I have blogged here, here and here on the debate speculating about when the global economy would start its recovery. Ben Bernanke in a recent interview expressed his belief that he is seeing "green shoots" showing up in the economic landscape. James Galbraith described it as "compulsive optimism", an example of "grasping at straws", and advocated repressing such beliefs.
The graphic from NYT shows that since the Great Depression, the US economy's industrial production capacity have dipped this low only once in the early 1980s.

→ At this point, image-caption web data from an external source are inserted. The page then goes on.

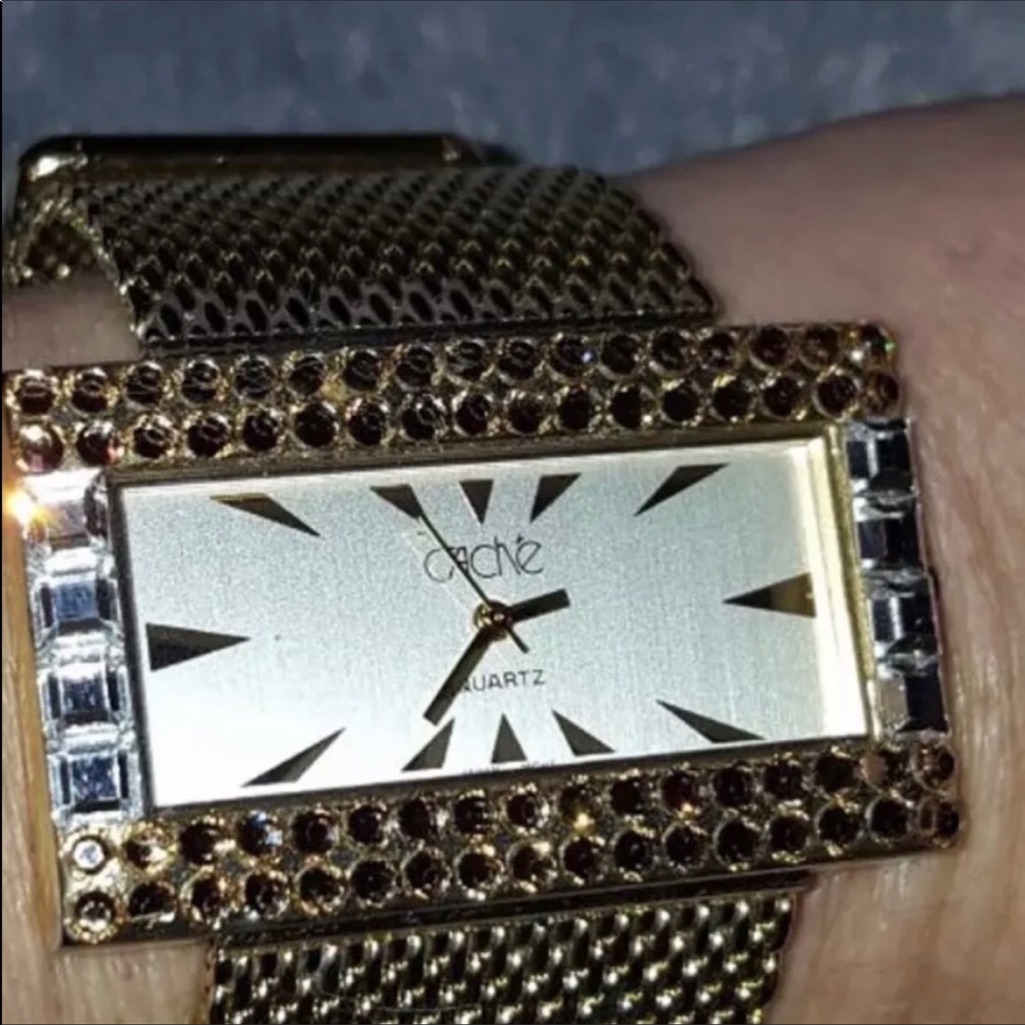 Cache Gold Watch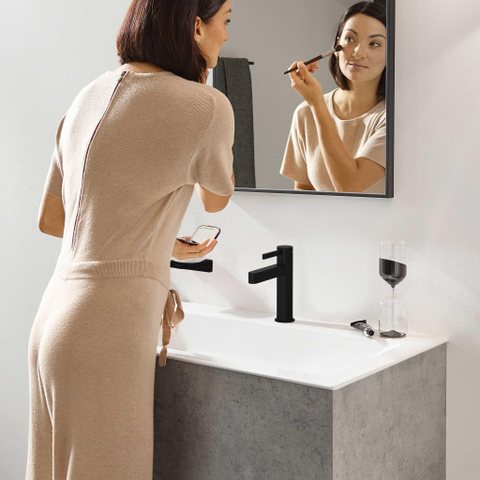 Hansgrohe Finoris 1 greeps wastafelkraan - 110 - coolstart - met afvoerplug - mat zwart SW651449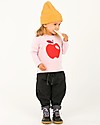 Tiny Cottons Long Sleeves Tee Apple, Pale Pink/Burgundy - Pima Cotton Long Sleeves Tops
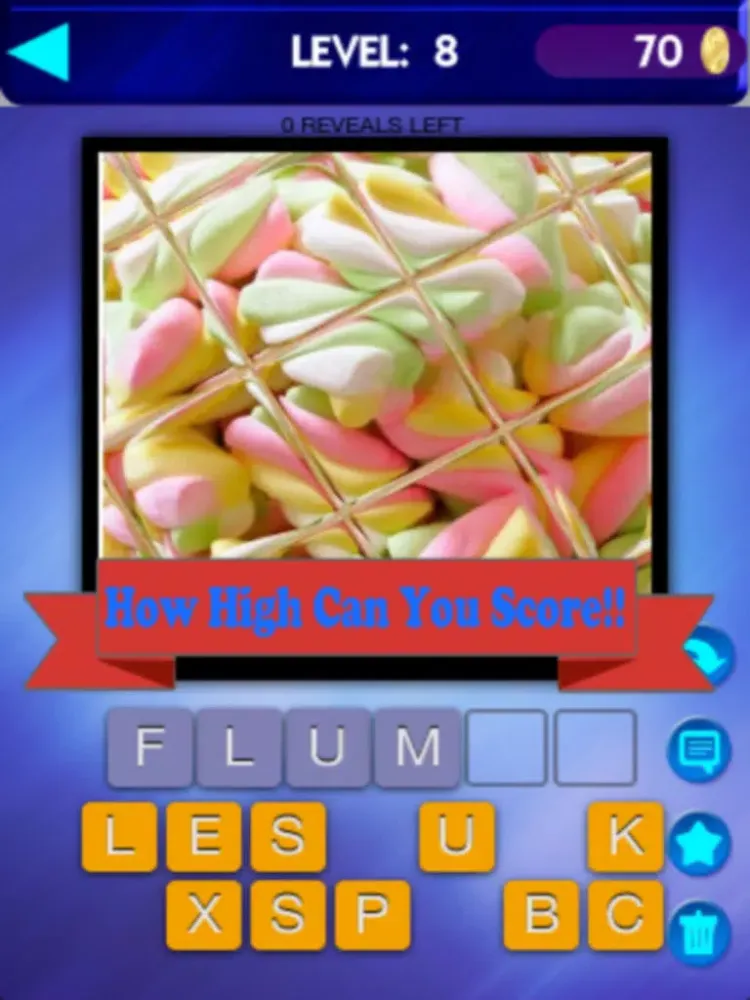 My Guess The Candy Tiles High Trivia Quiz - The Little Play Days Edition - Free Ap iPad  Screenshots
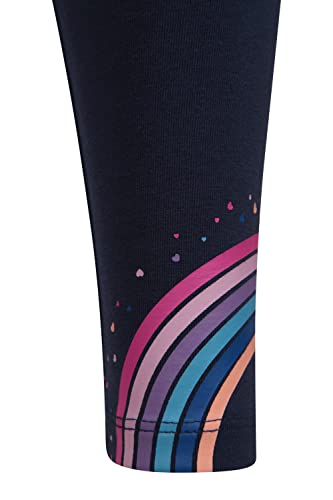 Mountain Warehouse Patterned Kids Leggings - Breathable Childrens Tights, Lightweight Girls & Boys Legging, Elastic Waistband - Best for Outdoors, Travelling, Hiking Rainbow 9-10 Years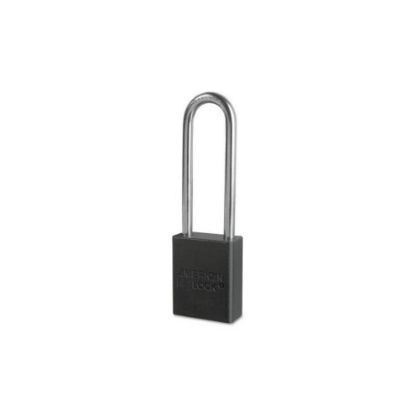 Picture of American Lock Aluminum Padlock - Black3" Shackle Part# - A1107Blk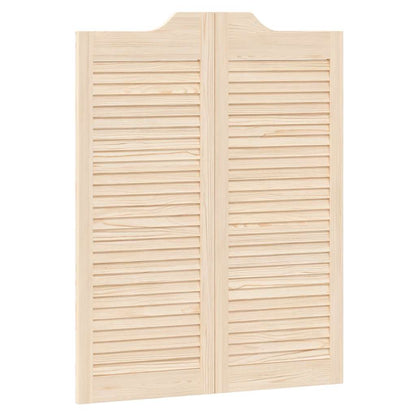 Draaideuren louvredesign 1-paar 100x80 cm massief grenenhout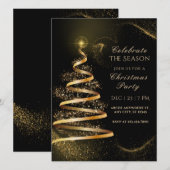 elegante Weihnachtsfeier Einladung (Vorne/Hinten)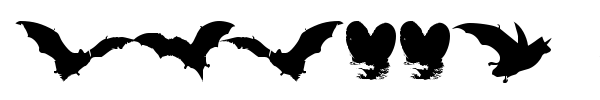 Шрифт Vampyr Bats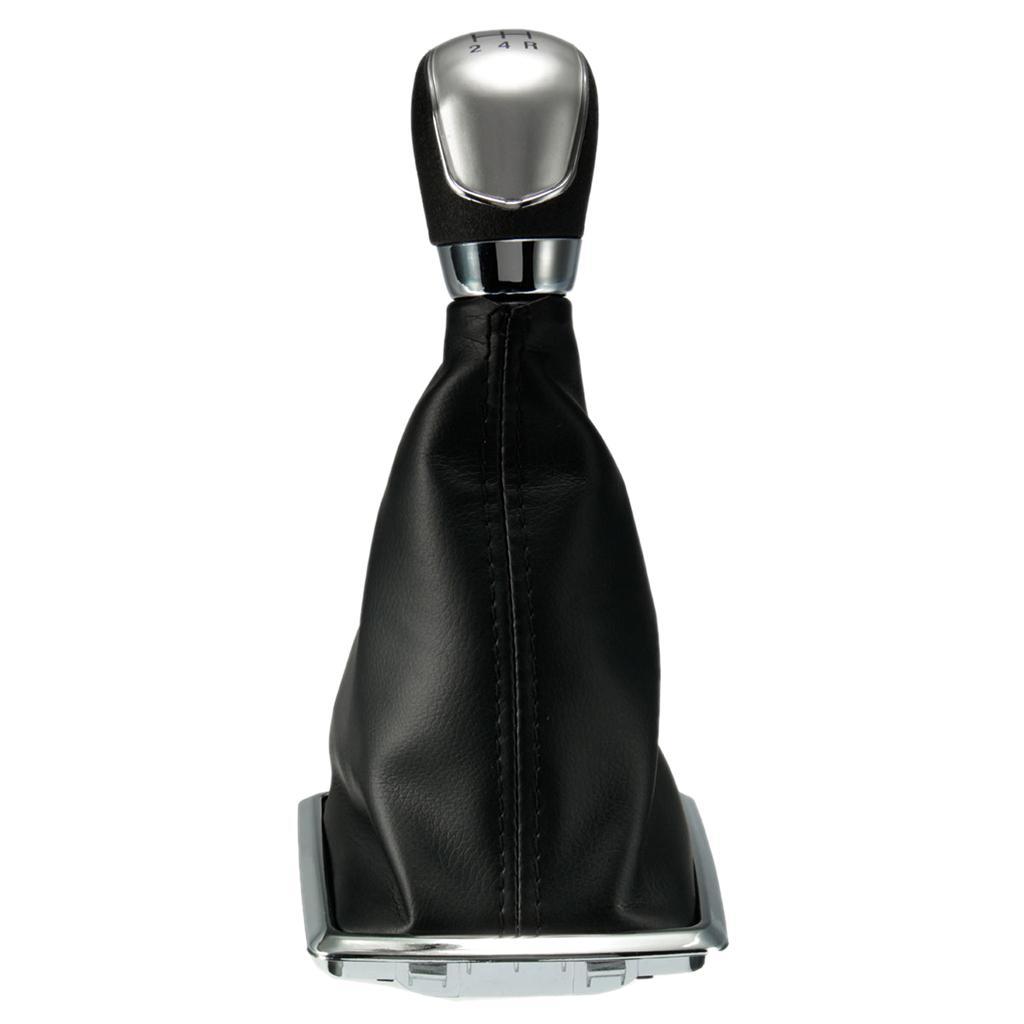 5-Speed Gear Knob Gaitor Boot Cover PU Leather for 2005-08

It is estimated that the economy is running at a shortfall of more than $1 trillion in annual sales and other transactions, and it may be sometime before the economy is back to normalcy and its full production potential (it took the US economy seven years to recover after the 1981-82 recession). Manufacturers are using less than 68%of the nation’s factory capacity, the lowest level since records were first kept in 1948. Excess capacity, once entrenched, perpetuates itself - companies cannot hire workers to make more goods and provide more services until their sales go up, and people can’t buy goods and services until they are hired.
The unemployment gap is substantial, and would require many years to get back to normalcy. The notional unemployment figure of 8.5% tells only part of the story. The BLS reports that more than 24 million men and women, or 15.6% of the labor force, are either hunting for work or working fewer hours than they would like to work, or are too discouraged to seek work, although they would take jobs if offered them. The ranks of this "underutilized" group — the bureau’s label — are up by 10 million since early last year. Generating work for so many people would take several years, even if the nation’s employers began hiring robustly.